443 Professor Erickson says that Articles 13(3) and 13(5) of the Statute simply repeat the provisions of Articles 77(3) and 77(5) of the Constitution. However, he believes Article 13(6) is more to the point. It “Authorizes all building works in church communities and the Diocese, ensures buildings are constructed in a Macedonian Orthodox styles and that the churches and the faithful are provided with orthodox icons with Macedonian script”. Professor Erickson says that the overriding concern is with “ensuring that building style and iconography” are “appropriate from a Macedonian perspective”. He does not comment further on this provision.

444 Article 13(9) provides that “In cases of temporary closure of a church (the bishop) determines the place for the storing of its holy relics and objects”. Professor Erickson says this is to “ensure that these sacred objects are given proper care and respect”. While he gives his interpretation of the rationale for each provision, he does not, with respect, really indicate the relevance of the provisions to the alleged breach at hand.
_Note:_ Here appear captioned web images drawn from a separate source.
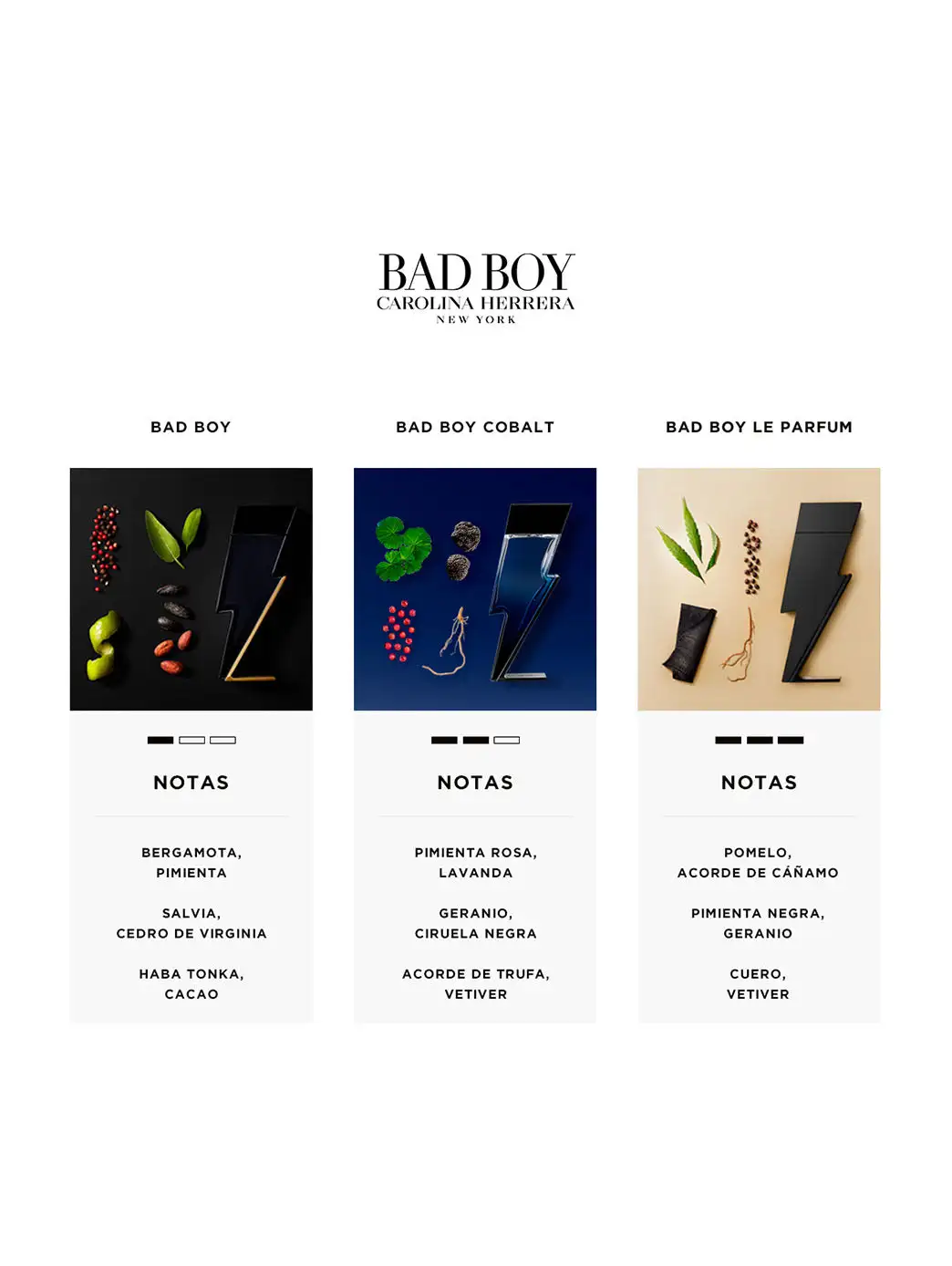 Bad Boy - Imagen 72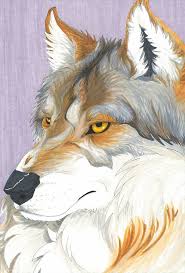 Copic Wolf By Leathaljustice On Deviantart Copic Drawings Colorful Drawings Art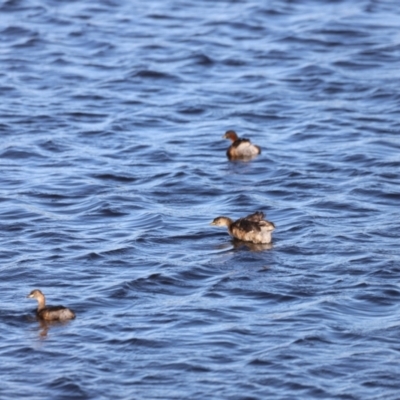 Tachybaptus novaehollandiae (Australasian Grebe) at West Belconnen Pond - 2 Mar 2024 by JimL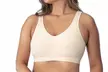 Women's Wirefree Lightly Padded Everyday Bra (M-3XL) - Second Medium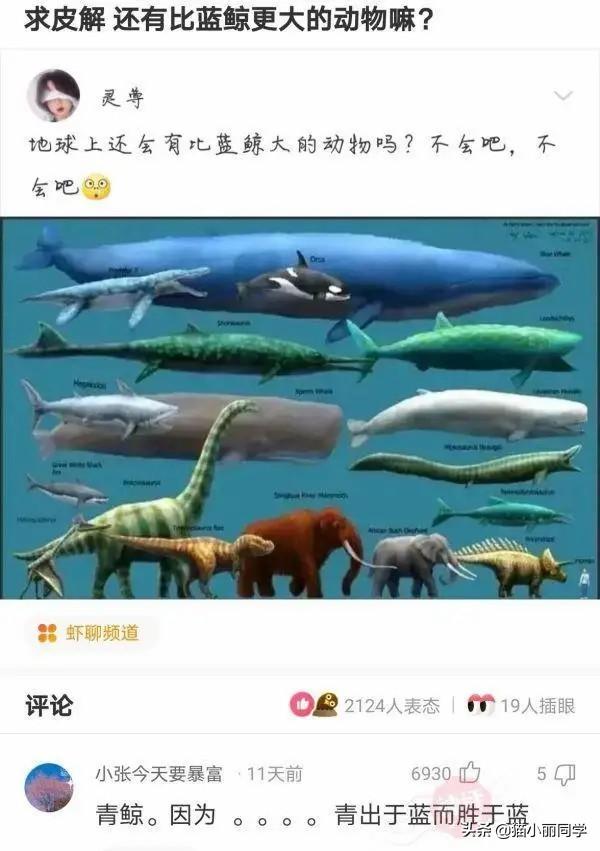 中国什么组织,存在了几千年?评论区秀到我了!哇哈哈哈哈哈 中国什么组织,存在了几千年?评论区秀到我了!哇哈哈哈哈哈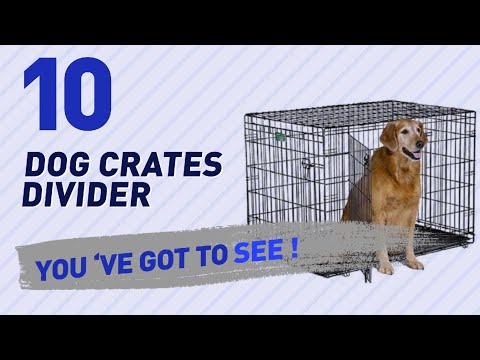 dog-crates-divider-//-top-10-most-popular
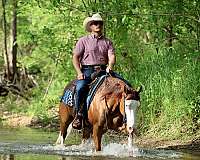 trail-quarter-horse
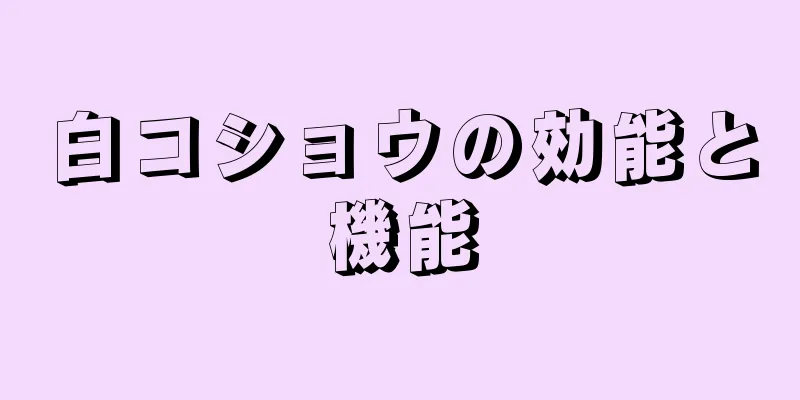 白コショウの効能と機能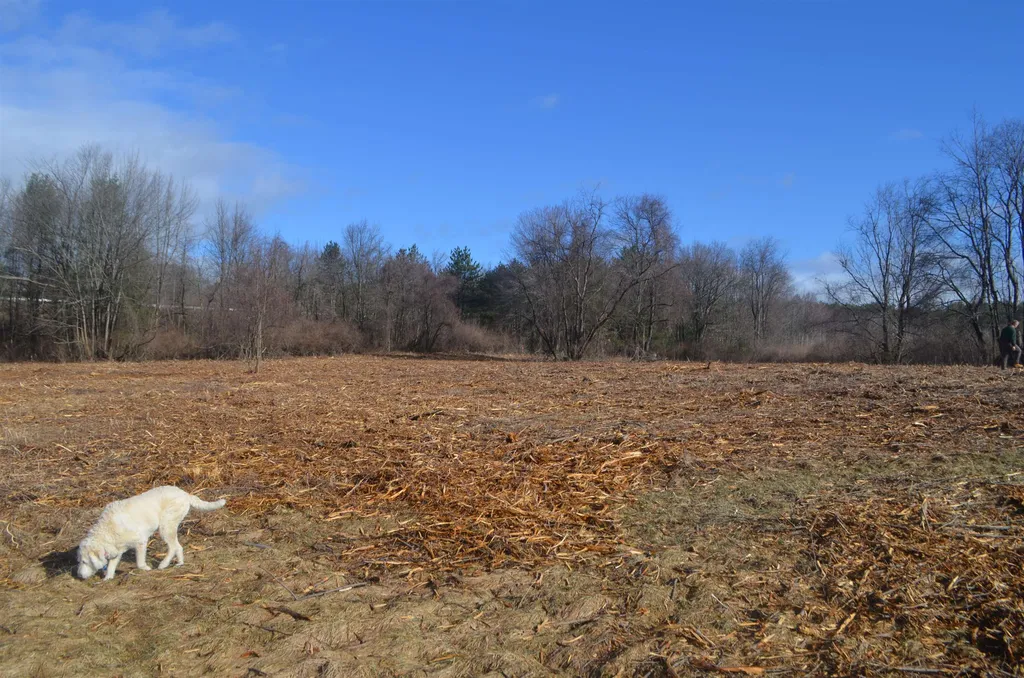 Map 2 Lot 398e1 The Oaks Henniker NH 03242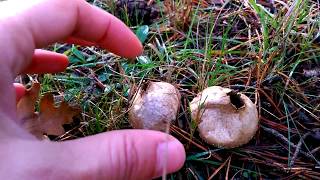 Lycoperdon perlatum Lanzamiento de esporas [upl. by Socrates]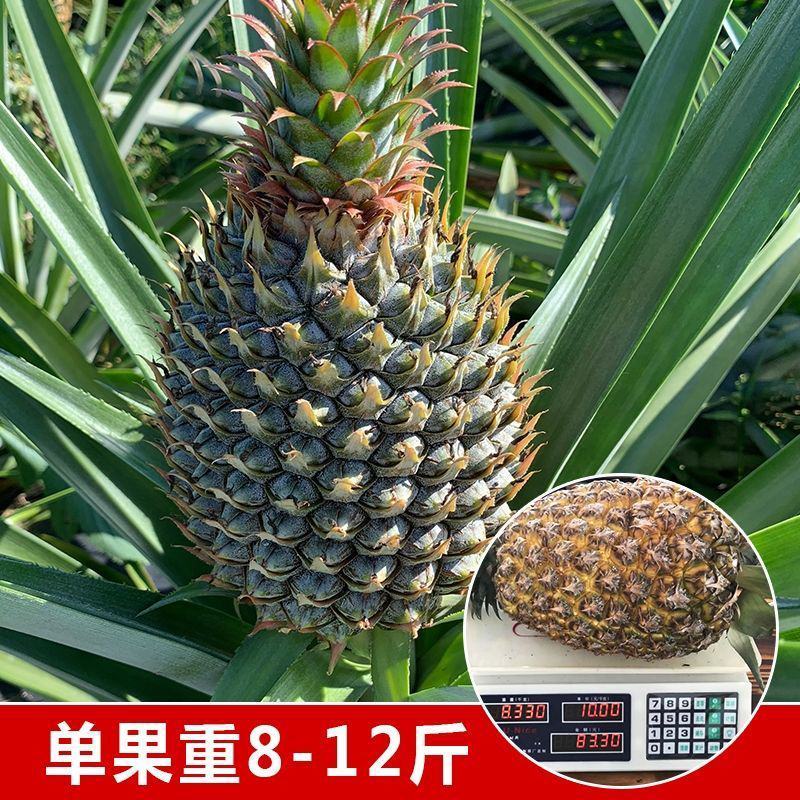 新品红皮地菠萝苗凤梨苗盆栽果树苗四季种植苗南方北方种植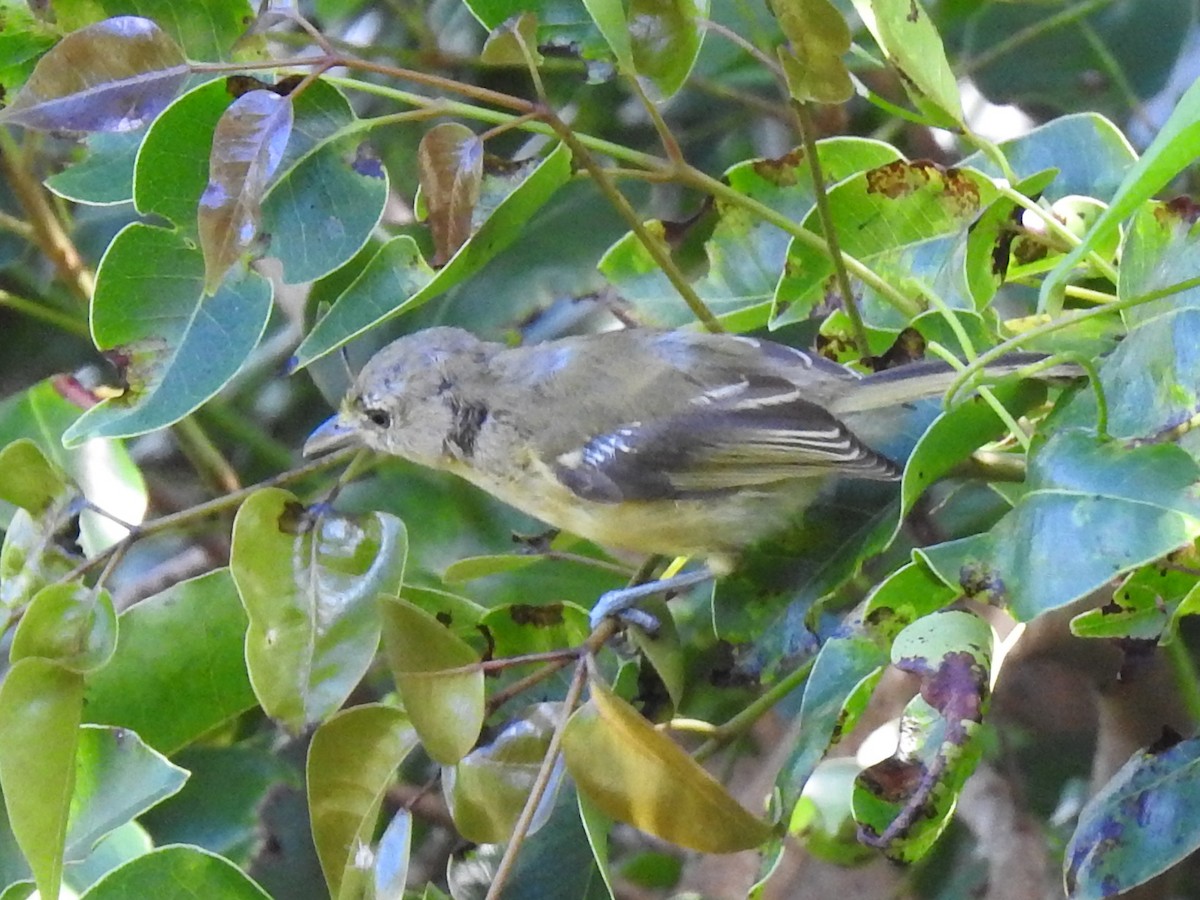 Viréo à bec fort - ML646790312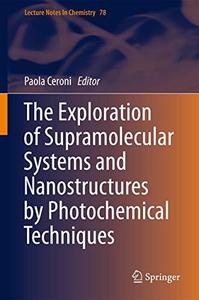 The Exploration of Supramolecular Systems and Nanostructures by Photochemical Techniques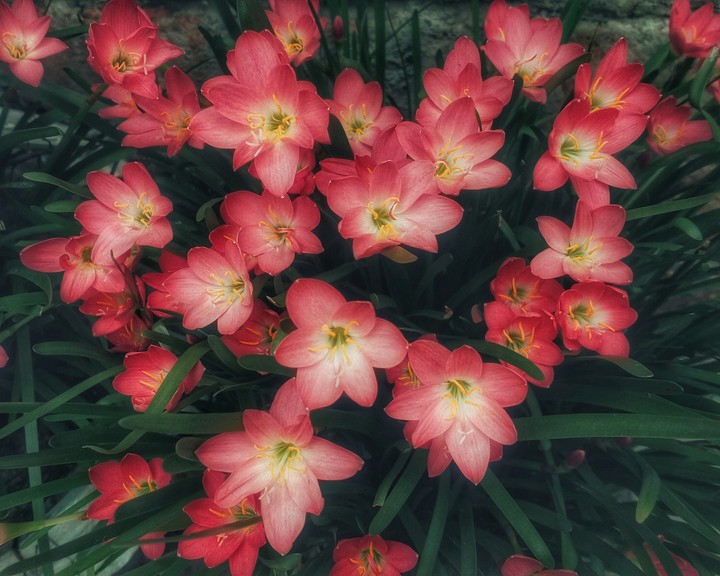 flower flowers and flowers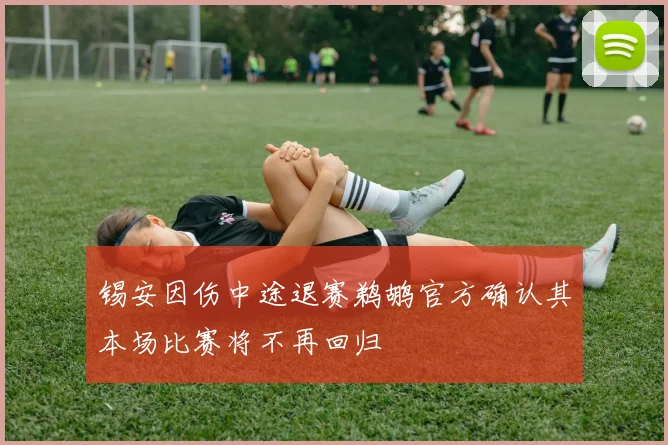 锡安因伤中途退赛鹈鹕官方确认其本场比赛将不再回归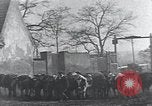 Image of American Friends Service Committee providing milk to children Europe, 1923, second 17 stock footage video 65675027113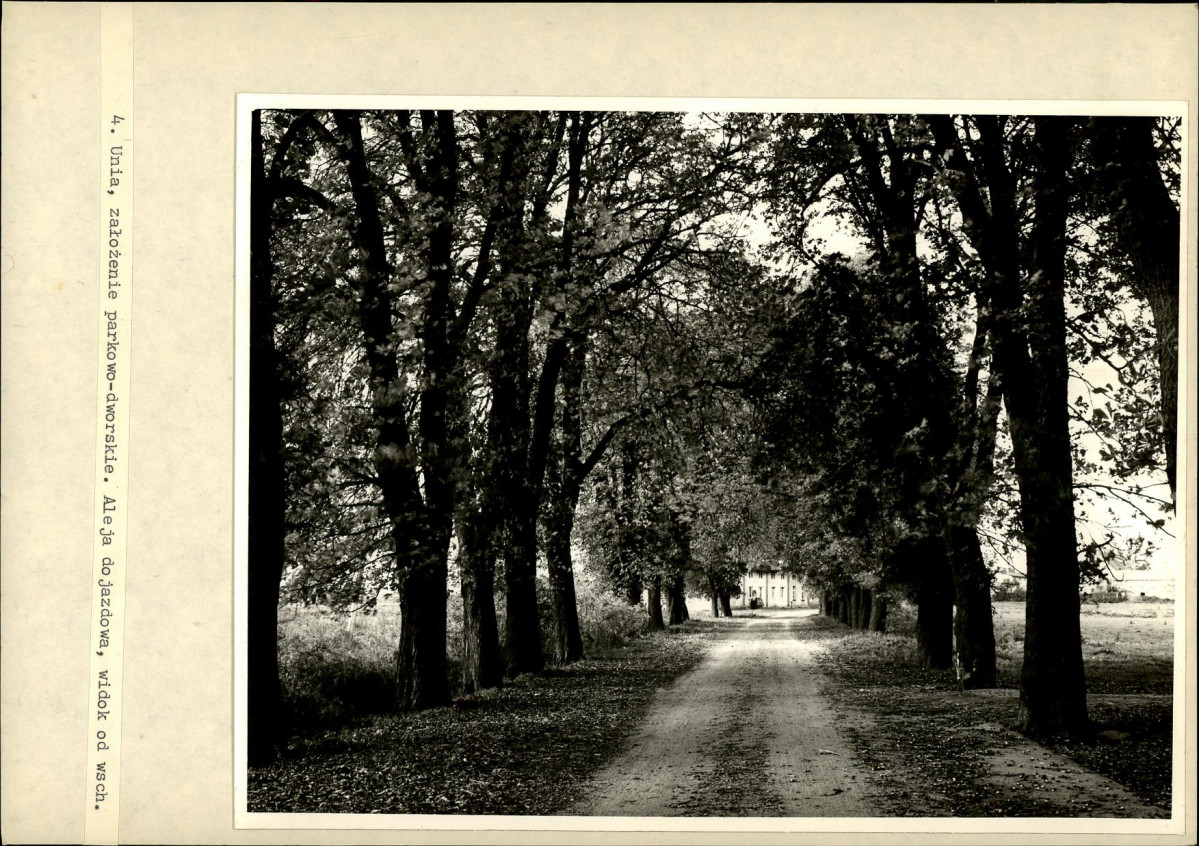 Ewidencja parkowa, skan nr 15
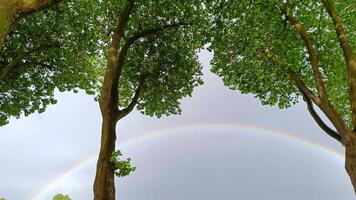 Colorful rainbow after the rain through trees and gray clouds shows red orange yellow violet blue and green colors of the rainbow as arching sky and rain phenomenon video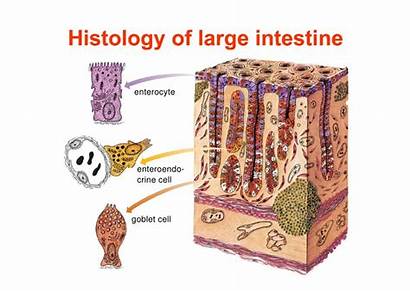 Intestine Bowel Intestines Movements Ecosystem Governing Laws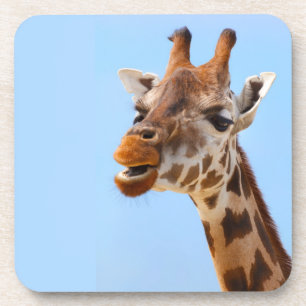 Dessous de verre de portrait de Giraffe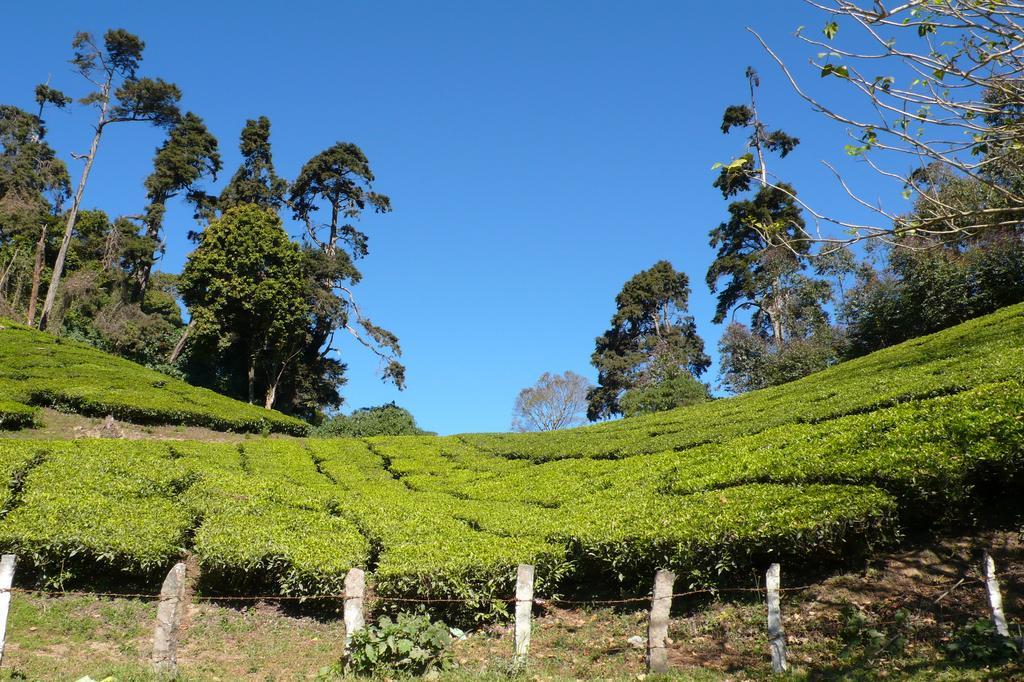 Green Magic Home Munnar Exterior foto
He does warn us with Article 13(9) to keep in mind the principle of economy. He concludes that no fundamental provision of church law is at stake here (but does not explain whether he means to restrict this comment to Article 13(9) or all of Article 13).


      Alleged breach (i): refusing or failing to accept applications for membership from believers in the doctrines of the Macedonian Orthodox Church who have satisfied the criteria for eligibility specified in the Constitution, the Diocesan Statute and By-Laws

445 The plaintiffs say that all believers who live within the St Petka Parish and who satisfy the eligibility criteria specified by or under the Church Constitution are entitled to participate in the parish assembly of the St Petka Parish: statement of claim [22.11]. For this rule, the plaintiffs rely upon Articles 106 and 107 of the 1994 Constitution, and Articles 65, 66, 67, 68, 69 and 78 of the Statute. Mr Parker’s oral submissions confirmed that the plaintiffs rely on these provisions of positive church law, as well as “basic ecclesiology” (Transcript: p 295).

446 In his oral argument, Mr Parker also referred to the 1977 By-Laws – Articles 9 and 10.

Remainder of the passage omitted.